Stargazing in the Atacama Desert
The Atacama in northern Chile is an expanse of desert believed to be the driest on the planet. Its landscape and environment have been compared to Mars and there is definitely something other-worldly about this place. So it is quite apt that it happens to be one of the best places to gaze out upon other planets, stars and galaxies. It is the high altitude, minimal light pollution, as well as its clear skies, that make the heavens of the Atacama so incredible.
You can be anywhere in the desert at night to witness it. You will probably never have seen so many stars. With just the naked eye there is enough to keep you mesmerised for all eternity. But for astronomical enthusiasts who want a closer and more informed exploration of the universe as seen from the Atacama there are some wonderful nocturnal excursions, particularly near the charming desert town of San Pedro de Atacama.
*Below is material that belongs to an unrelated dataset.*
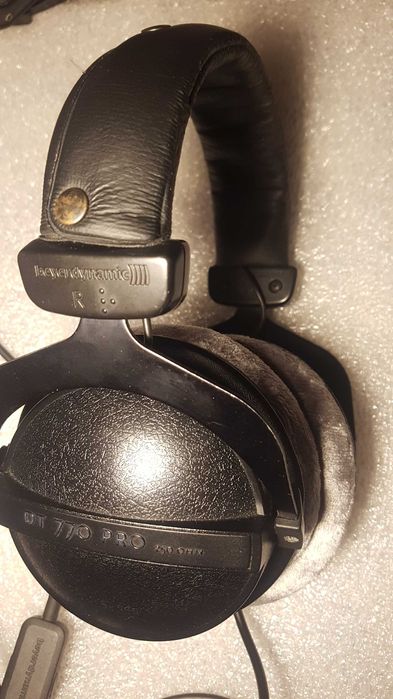 Навушники Beyerdynamic з Німеччини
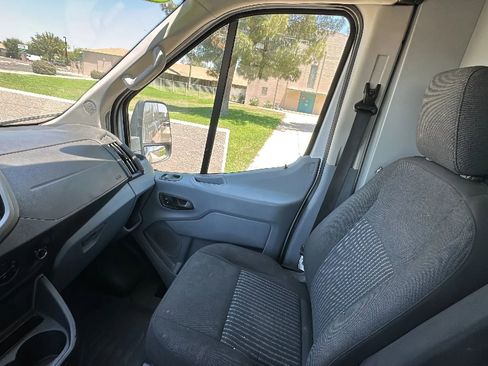 Used 2019 Ford Transit 250 148 Medium Roof w/ Interior Upgrade Package RWD image 12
San Pedro is a small and rustic little oasis town seemingly banished from civilisation out in the barren desert with nothing bar the range of snowy mountains and a volcano presiding over it in the distance. It is rather a mecca for tourists and backpackers as a gateway to the Bolivian altiplano and for the many attractions that the Atacama has on offer besides gazing at the cosmos. Crammed with many many tourist agencies offering a variety of tours, there is actually a lot to see and do out here.
One of the best of which, is a night-time visit to nearby San Pedro de Atacama Celestial Explorations (SPACE) open-air observatory, one of the best in South America. If you arrange a visit bear in mind that tours do not operate during the 6 days surrounding the full moon because the moon effects visibility. Also consider that it is dependent on cloud cover, not to mention the fact that it is an extremely popular activity. Demand is high. But that is for a reason.
A three hour tour of the observatory is conducted in either French, Spanish or English and often by founder Alain Maury, who as a highly experienced astronomer, will enlighten you with his wisdom and entertain you with his wit. Equipped with a laser beam pointer he navigated us through the dazzling night-scape to point out constellations, star signs and stars such as The Southern Cross, the Big Dipper and Alpha Centauri, bringing that mass of lights into clearer focus.
Then for a closer look…
SPACE has the largest park of telescopes in any South American observatory. It looks like an astronomer’s playground. Large telescopes are set up at various angles around the park to focus upon different points in the night sky. Following the introductions, we took it in turns to peer through each of the huge lenses. It really is very exciting. I was astounded to be able to see Saturn and its rings. We were also directed to what seemed to be one star near to the Southern Cross but through the telescope was suddenly revealed to be a colourful cluster appropriately named The Jewel Box. I was spellbound by the orange, blue and purple colours. And finally after we had danced around the rest of the park jostling to view all these wonders, we got to see the moon. You can actually see the texture and craters of the surface. By the end my mind was boggling from what I had seen and from trying to compute the inconceivable distances and sizes of what was right before us. I didn’t want to tear my eyes away.
I was eventually lured away by the prospect of a cup of hot chocolate and a Q&A session inside. This was greatly appreciated. In the blistering heat of the day it is hard to imagine that at night it can get so cold here in the desert. It gets extremely cold.
So if you get the chance to stargaze in the Atacama desert you are in for an astronomical treat, but wrap up warm!